Eye For Film >> Movies >> The Sky Trembles And The Earth Is Afraid And The Two Eyes Are Not Brothers (2015) Film Review
The Sky Trembles And The Earth Is Afraid And The Two Eyes Are Not Brothers
Reviewed by: Jennie Kermode
In commencing an analysis of this film, it's worth noting that the vast majority of cinemagoers won't go anywhere near it because of its title. This is a good thing - if they feel that way, it's highly unlikely that they would find it in the least bit pleasing. Let us focus, then, on those people who do make it that far, suitably forewarned. Will they consider it worth their while? On balance, the answer is yes. Some just won't manage to connect but others will relish its intelligence and find it deeply moving. To risk this degree of pretension, one has to have some strong ideas, and Ben Rivers really does.
The title is a line from author and composer Paul Bowles' 1947 short story A Distant Episode, upon which much of the plot is based. It's recited early in the film on the set of another (real) film, Oliver Laxe's Mimosas (itself a mixture of documentary and fiction). Rivers is always an interesting observer of reality and here he creates a portrait of Laxe's work that's poetic and full of odd juxtapositions. Laxe is following a group of nomads as they travel through mountain country. At one point we watch a stunt being performed. A man falls from a ledge to land safely on a big pile of cardboard boxes hidden below. Like all real stunt work, it's unnerving to watch - just a slight error could see the man slam into the rock face or tumble down at one side of his pre-arranged landing place. This is emphasised with a comment about his marks. How easily disaster could occur if this were reality, if the film team weren't there!
Perhaps haunted by a desire to test the real, Laxe wanders from the set and (we are assured) into fiction. Set upon by strangers, he is swaddled in cloth and sent floating down the river. When he arrives at a village he is stripped (of his own clothes too) and forced to put on a suit covered with tin can lids, bright shining discs that reflect the harsh light of the Moroccan sun. We cannot see his face and from this point onward he is increasingly depersonalised. The processes are undertaken so immediately and completed with such efficiency that they would seem to be familiar to the Reguibat nomads practicing them. Laxe has come to them as a fool, as a man who would be king for a day, and seems to be being prepared for sacrifice. But fate has something stranger in store.

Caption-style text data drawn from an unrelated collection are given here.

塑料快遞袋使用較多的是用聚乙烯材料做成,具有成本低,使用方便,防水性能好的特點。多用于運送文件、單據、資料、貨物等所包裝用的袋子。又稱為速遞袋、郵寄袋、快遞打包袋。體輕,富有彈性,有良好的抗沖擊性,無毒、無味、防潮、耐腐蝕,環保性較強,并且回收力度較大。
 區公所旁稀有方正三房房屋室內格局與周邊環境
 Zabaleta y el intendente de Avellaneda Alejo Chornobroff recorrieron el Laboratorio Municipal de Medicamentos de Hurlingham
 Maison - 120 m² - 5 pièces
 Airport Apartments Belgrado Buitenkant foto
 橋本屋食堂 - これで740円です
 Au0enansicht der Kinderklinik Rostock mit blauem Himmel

A rambling odyssey reminiscent of the work of Alejandro Jodorowsky, The Sky Trembles And The Earth Is Afraid And The Two Eyes Are Not Brothers has a lot going on beneath the surface. It may be a film of few words (beyond the title) but it speaks through music, with some of the tribal songs to which the King of the Tin Cans is forced to dance - and, indeed, the jingling of those cans themselves - resembling Bowles' concertos. The film is, of course, alert to the legacy of colonialism, and so it seems fitting that Laxe should have become a musical instrument, given the fondness colonists have always had for appropriating and belittling the music of the conquered. There's also a parallel drawn between music and film - Laxe, after all, was arguably exploiting local people for entertainment. so it would seem reasonable that the same has happened to him. This is a literally embodied revenge. Nevertheless, we stay with Laxe, and Rivers demonstrates a curious ability to make us feel for him more strongly as he becomes less human, so that we continue to hope for his redemption.
Some people will doubtless find the film too slow, but it has a dreamlike rhythm and a mythic character that depends on a degree of repetition. If you can find the rhythm of it, it's easy to get caught up in the dance.